(Article changed on September 3, 2013 at 05:21)
(Article changed on September 2, 2013 at 11:45)
(Article changed on September 2, 2013 at 11:42)
This article was originally published on the Madison Independent Examiner. A slide show and video is available for viewing there.
by Public domain via Yahoo! finance
Who benefits from a strike on Syria? Apparently Raytheon, the manufacturer of cruise missiles aboard U.S. destroyers off the coast of Syria, is one beneficiary.
On Friday, the White House released an intelligence report assessing "with high confidence" that chemical weapons were used in Syria on civilians by the Syrian government. There are serious doubts both within U.S. intelligence agencies and the international community as to whether this allegation is accurate. Yet President Obama is seeking congressional approval for a military strike on Syria.
It is fairly evident that some sort of nerve gas was released on August 21 in Ghouta, near Damascus. The real question is: Who released it? The U.S. claims it was fired by the Syrian government with rockets and artillery. Independent and foreign media outlets and the governments of other nations claim otherwise.
Based on numerous interviews with doctors, Ghouta residents, rebel fighters and their families, many people at the scene believe that certain rebels received chemical weapons via the Saudi intelligence chief, Prince Bandar bin Sultan, and were responsible for carrying out the deadly gas attack.
According to survivors of the attack, some of which are rebels, 13 rebels were asked to carry weapons by a Saudi militant known as Abu Ayesha, who was leading a fighting battalion. The weapons were described as having a "tube-like structure" while others were like a "huge gas bottle." The weapons were stored in tunnels.
The rebels were not told what the weapons were or how to use them. A rebel interviewed by Dale Gavlak and Yahya Abaneh said, "When Saudi Prince Bandar gives such weapons to people, he must give them to those who know how to handle and use them." Another rebel said, "We were very curious about these arms. And unfortunately, some of the fighters handled the weapons improperly and set off the explosions."
The above information has been reported in dozens of foreign media outlets, including the Voice of Russia, yet the U.S. mainstream media remains silent on the matter.
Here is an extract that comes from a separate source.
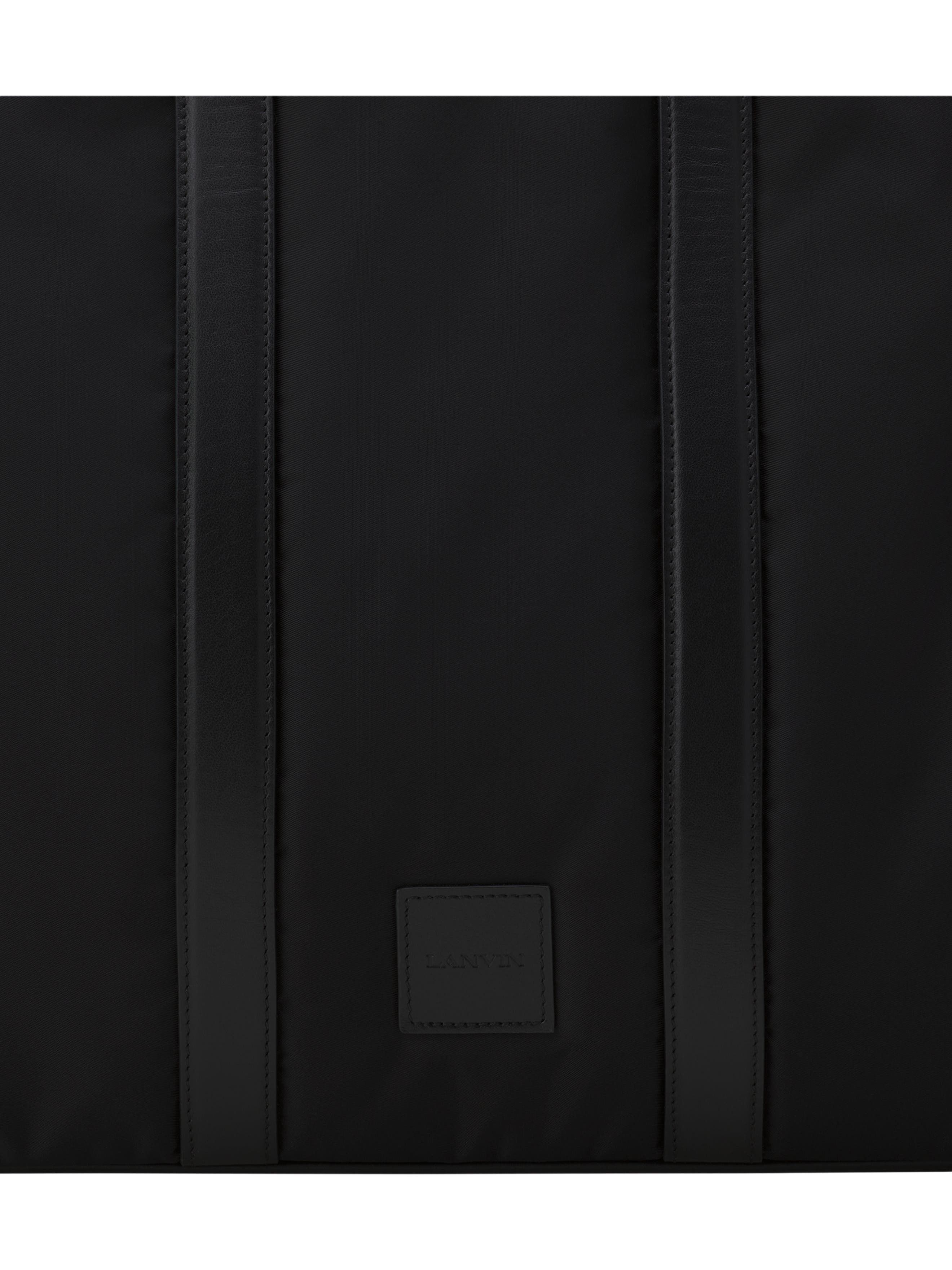 Lanvin Curb Nylon Tote Bag, Alternate, color, Black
U.S. intelligence officials are not so certain that the suspected chemical attack was carried out on Assad's orders, or even completely sure it was carried out by government forces. In intelligence jargon, "high confidence" does not mean certainty. The uncertainty calls into question the statements by Secretary of State John Kerry, Vice President Joe Biden and President Obama.
In a briefing on Wednesday, State Department spokeswoman Marie Harf admitted that intelligence agencies do not know who gave the order to use chemical weapons, even if they were deployed by the Syrian government. Harf said. "I don't know what the facts are here. I'm just, broadly speaking, saying that he is responsible for the actions of his regime."
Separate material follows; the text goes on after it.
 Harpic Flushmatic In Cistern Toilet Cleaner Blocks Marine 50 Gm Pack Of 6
Multiple U.S. officials used the phrase "not a slam dunk" to describe the intelligence picture - a reference to then-CIA Director George Tenet's insistence in 2002 that U.S. intelligence showing Iraq had weapons of mass destruction was a "slam dunk" - intelligence that turned out to be wrong.
The British Parliament voted against participating in any strikes on Syria because while advocating military action, Prime Minister David Cameron had to admit that there was "no 100 percent certainty" about who was responsible for a chemical weapons attack in Syria. France, Germany, Canada, Italy and the Arab League have also declined to lend military assistance to a U.S. strike on Syria, citing uncertainties for similar reasons.